Re: [ovirt-devel] [vdsm] strange network test failure on FC23

Monday, 30 November 2015

----- Original Message -----
...
 From: "Michal Skrivanek" <mskrivan(a)redhat.com&gt;
 To: "Nir Soffer" <nsoffer(a)redhat.com&gt;, "Francesco Romani"
<fromani(a)redhat.com&gt;
 Cc: "Yaniv Kaul" <ykaul(a)redhat.com&gt;, "infra"
<infra(a)ovirt.org&gt;, "devel" <devel(a)ovirt.org&gt;
 Sent: Monday, November 30, 2015 9:52:59 AM
 Subject: Re: [ovirt-devel] [vdsm] strange network test failure on FC23

 > On 29 Nov 2015, at 17:34, Nir Soffer <nsoffer(a)redhat.com&gt; wrote:
 > 
 > On Sun, Nov 29, 2015 at 6:01 PM, Yaniv Kaul <ykaul(a)redhat.com&gt; wrote:
 > > On Sun, Nov 29, 2015 at 5:37 PM, Nir Soffer <nsoffer(a)redhat.com&gt; wrote:
 > >>
 > >> On Sun, Nov 29, 2015 at 10:37 AM, Yaniv Kaul <ykaul(a)redhat.com&gt;
wrote:
 > >> >
 > >> > On Fri, Nov 27, 2015 at 6:55 PM, Francesco Romani
<fromani(a)redhat.com&gt;
 > >> > wrote:
 > >> >>
 > >> >> Using taskset, the ip command now takes a little longer to
complete.

 I fail to find the original reference for this.
 Why does it take longer? is it purely the additional taskset executable
 invocation? On busy system we do have these issues all the time, with lvm,
 etc…so I don’t think it’s significant 
Yep, that's only the overhead of taskset executable.

...
 > >> > Since we always use the same set of CPUs, I assume
using a mask (for 0
 > >> > &
 > >> > 1,
 > >> > just use 0x3, as the man suggests) might be a tiny of a fraction
 > >> > faster
 > >> > to
 > >> > execute taskset with, instead of the need to translate the numeric
CPU
 > >> > list.
 > >>
 > >> Creating the string "0-<last cpu index>" is one line in
vdsm. The code
 > >> handling this in
 > >> taskset is written in C, so the parsing time is practically zero.
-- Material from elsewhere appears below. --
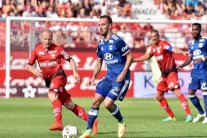 ديجون يطيح بليون وغانغان يخطف صدارة الدوري الفرنسي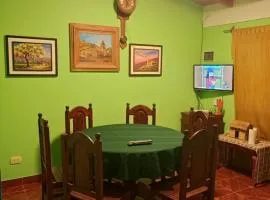 M & M El pórtico de la Quebrada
Even
 > >> if it was non-zero,
 > >> this code run once when we run a child process, so the cost is
 > >> insignificant.
 > >
 > >
 > > I think it's easier to just to have it as a mask in a config item
 > > somewhere,
 > > without need to create it or parse it anywhere.
 > > For us and for the user.
 > 
 > We have this option in /etc/vdsm/vdsm.conf:
 > 
 >     # Comma separated whitelist of CPU cores on which VDSM is allowed to
 >     # run. The default is "", meaning VDSM can be scheduled by  the OS to
 >     # run on any core. Valid examples: "1", "0,1",
"0,2,3"
 >     # cpu_affinity = 1
 > 
 > I think this is the easiest option for users.

 +1 
+1, modulo the changes we need to fix https://bugzilla.redhat.com/show_bug.cgi?id=1286462
(patch is coming)

...
 > > I assume those are cores, which probably in a multi-socket
will be in the
 > > first socket only.
 > > There's a good chance that the FC and or network/cards will also bind
 > > their
 > > interrupts to core0 & core 1 (check /proc/interrupts) on the same socket.
 > > From my poor laptop (1s, 4c): 
Yes, especially core0 (since 0 is nice defaults). This was the rationale behind
the choice of cpu #1 in the first place.

...
 > It seems that our default (CPU1) is fine.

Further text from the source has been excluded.